Decisions to make on PTC budget
Peachtree City’s proposed $26.7 million budget will be hashed out again by the City Council Thursday, July 8 at 6:30 p.m. at City Hall.
NOTE: The date has been corrected to reflect the actual meeting date; the previous date listed was incorrect)
Among other issues, council chiefly needs to resolve what property tax increase it will enact, if any. On this matter currently there are several trains of
• A .5 mill property tax increase, advocated by Mayor Don Haddix and Councilman Doug Sturbaum.
• A 1.25 mill increase, which Councilmembers Vanessa Fleisch and Kim Learnard and Eric Imker have agreed to consider.
• Imker, however, has been non-committal on his position on the property tax rate, and he has previously advocated for more budget cuts before increasing the millage rate.
The 1.25 mill tax increase would cost $108 a year for a home valued at $272,000. The .5 mill increase instead would cost $43.
The advantage seen to the 1.25 mill increase is that it would make up more than half of the projected $18.2 million shortfall the city expects over the next five years.
That shortfall is tied to the loss of funds from the expired transportation special local option sales tax. Also expected is a steep reduction in the city’s regular local option sales tax due to the city’s growth evening-out population wise compared to increased population growth in unincorporated Fayette County and its cities.
The property tax rate is not the only significant decision hanging in the balance that’s budget related. There is also the matter of increasing funding for the Development Authority of Peachtree City from $35,000 to $150,000.
Haddix and Sturbaum have said they will vote against any city budget that doesn’t include the increased funding. Their argument is that the city needs to increase its efforts to attract new jobs beyond the current level, which is handled completely by volunteers.
Yet the other three council members: Learnard, Imker and Fleisch, have said they oppose such an increase for this budget year.
The DAPC is charged with helping fill vacant retail spaces and also attracting employers to the community. It also has worked on opening a dialog with existing employers.
Haddix maintains that the Fayette County Development Authority doesn’t seek office projects or smaller employers which would help the city.
Imker, at the moment, is the wild card in the property tax rate discussion since he has been vocal about the city needing to trim its expenses significantly before adopting any tax increase. Some might say that has happened already over the past two years as the city eliminated 28 full-time positions.
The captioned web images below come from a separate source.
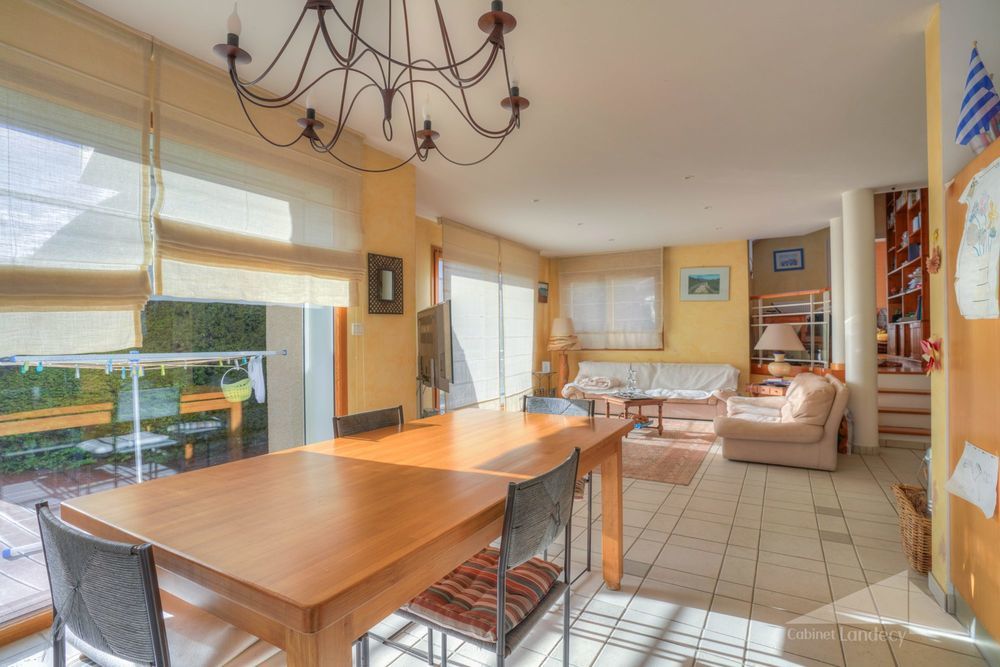 � vendre  Maison Gex (01170)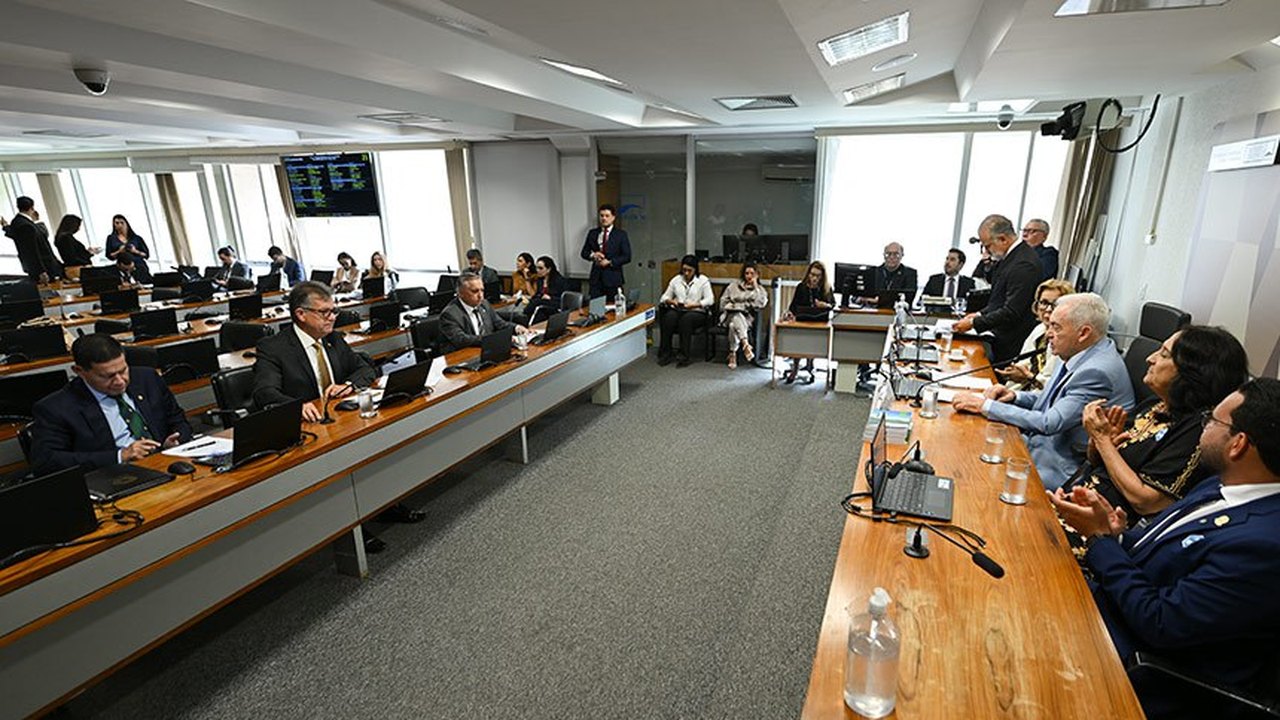 Política Nacional da Juventude é aprovada na CCJ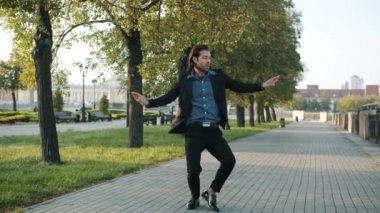 Açık havada dans eden esnek melez iş adamlarının dalga hareketleri.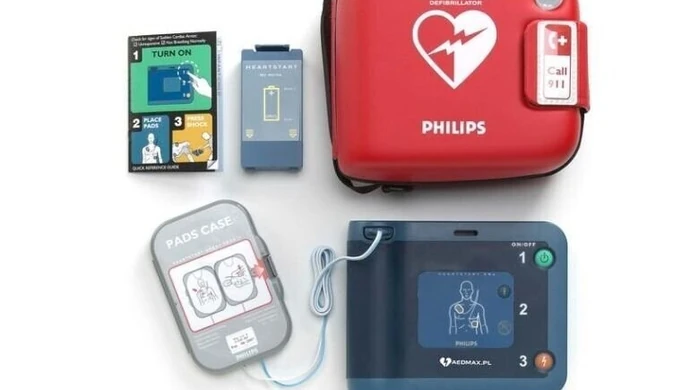 Defibrylator na budynku Urzędu Miasta w Piotrkowie. Gdzie jeszcze pojawią się urządzenia ratujące życie?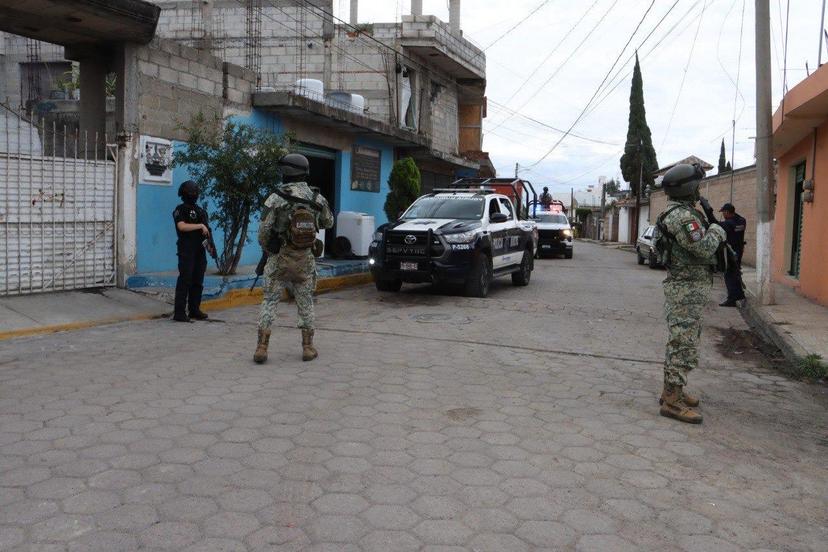 Aseguran a 6 migrantes en operativo en giros negros en Cuautlancingo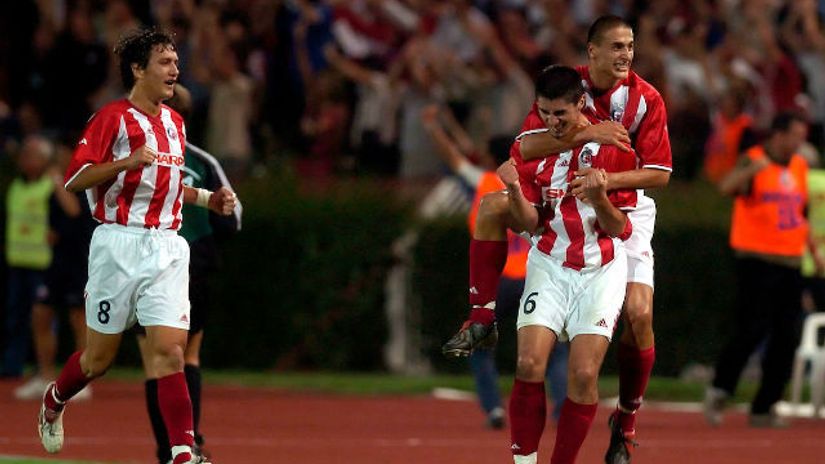 "Bojan Miladinović na leđima Milanu Biševcu (levo je Boško Janković) protiv PSV-a 2004."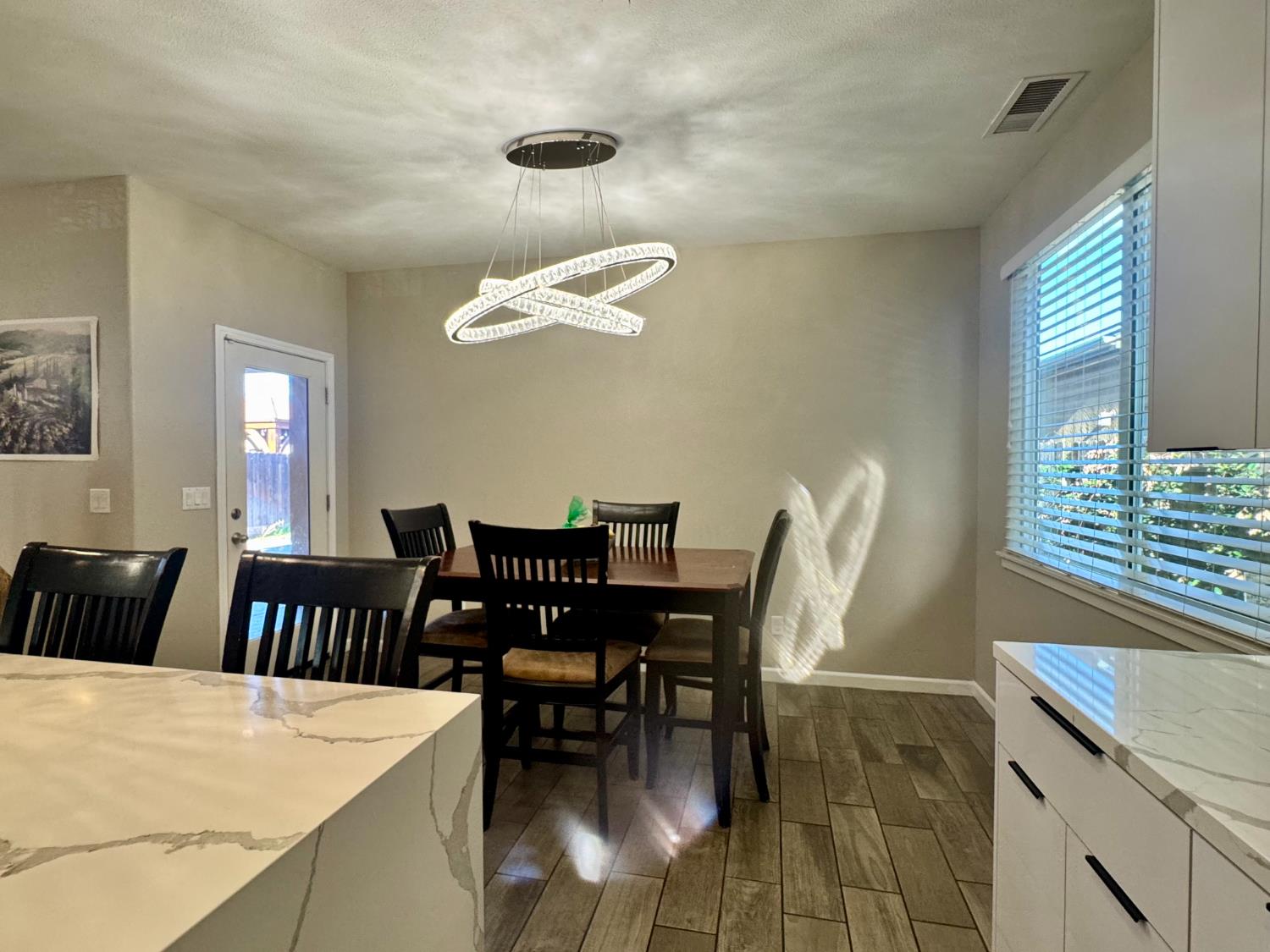 5865 E Beck Ave, Fresno, CA 93727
This year, the city abolished its building department in favor of pay-as-you-go building services from the private sector.
The outsourcing of landscaping services saved more than $900,000 alone but it also resulted in more than half of the 30-plus employee layoffs.
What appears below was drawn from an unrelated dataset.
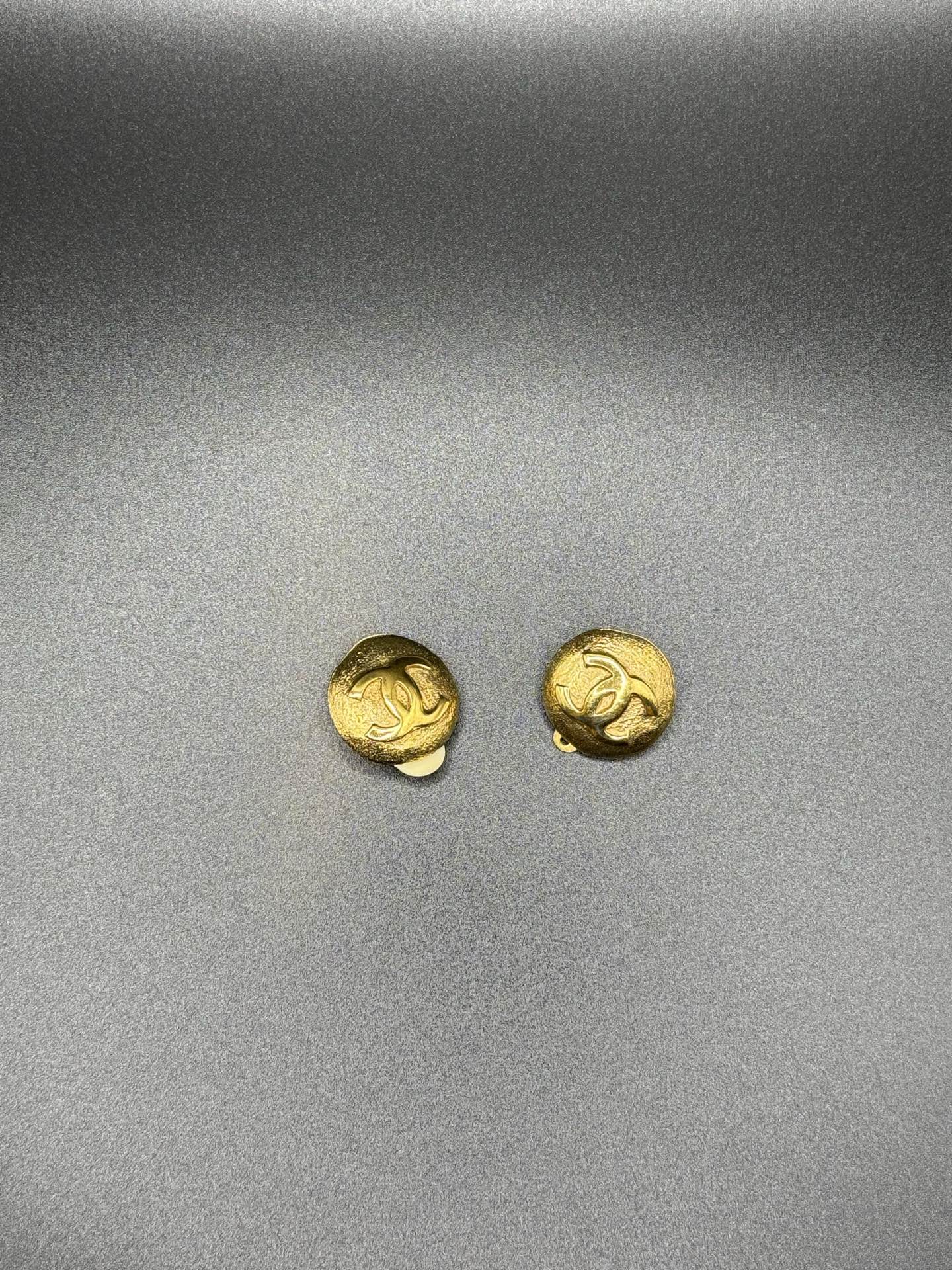 CHANEL Double-C Earring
Imker has argued that the city should adopt employee pay cuts and furloughs in a bid to trim expenses, but none of his fellow council members are willing to go that route. Last year, employees took an effective pay cut when the city increased annual insurance premiums by $600. The city also has adopted a policy in which employees with take-home vehicles must pay a fee for that privilege.
Except for Imker, the remainder of council has indicated they support no further staff cuts or reductions in service. Imker has contended that more cuts can be made without reducing services.
Meanwhile, if the city were to avoid a tax increase, it will need to cut $3.6 million a year from the budget, City Manager Bernie McMullen has said.
To accomplish that, the city would have to eliminate funds for the entire recreation department, the Kedron Fieldhouse/Aquatic Center, the Gathering Place and the library, McMullen said.